• _GIVEN DATA_
_____

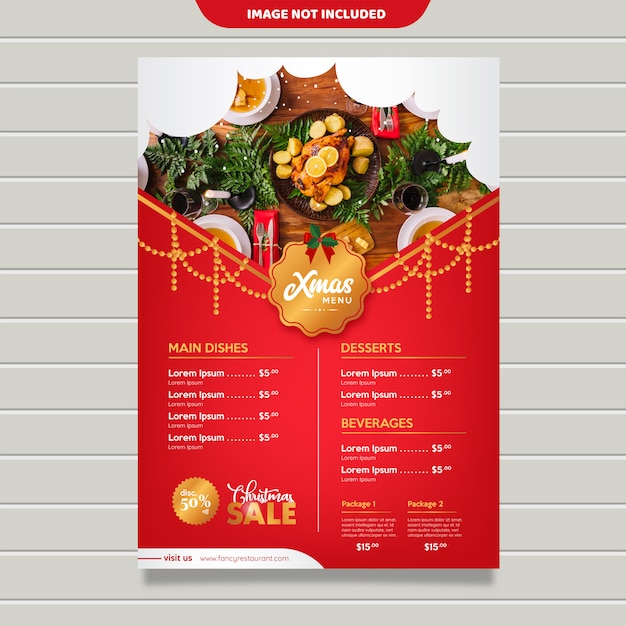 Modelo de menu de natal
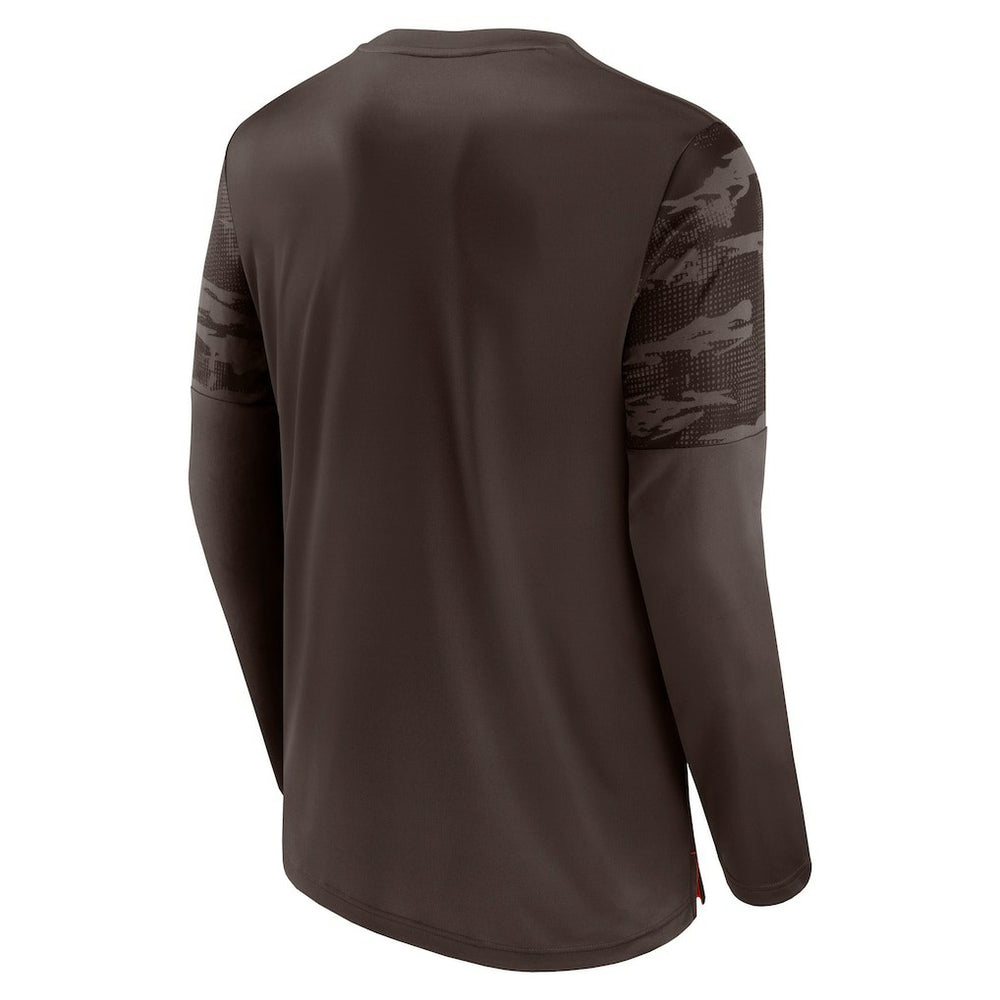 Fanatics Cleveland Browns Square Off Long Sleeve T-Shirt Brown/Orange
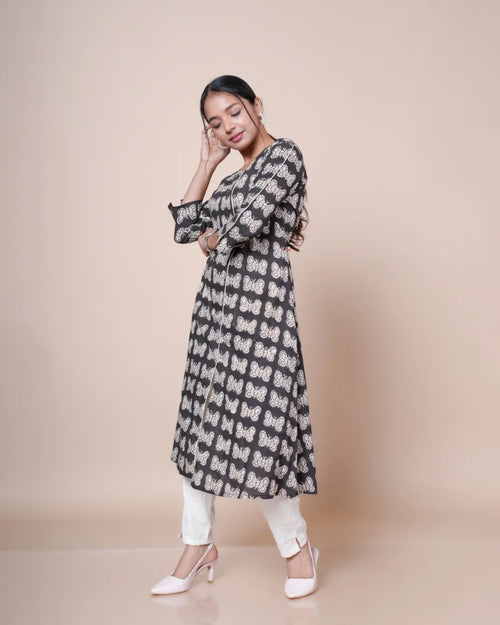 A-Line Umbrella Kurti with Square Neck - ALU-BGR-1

_____

• _EXERCISE DIRECTIONS_
Leave the pictures out and output the rest of the data word for word.

• _EXERCISE SOLUTION_
 Modelo de menu de natal
 Fanatics Cleveland Browns Square Off Long Sleeve T-Shirt Brown/Orange
 A-Line Umbrella Kurti with Square Neck - ALU-BGR-1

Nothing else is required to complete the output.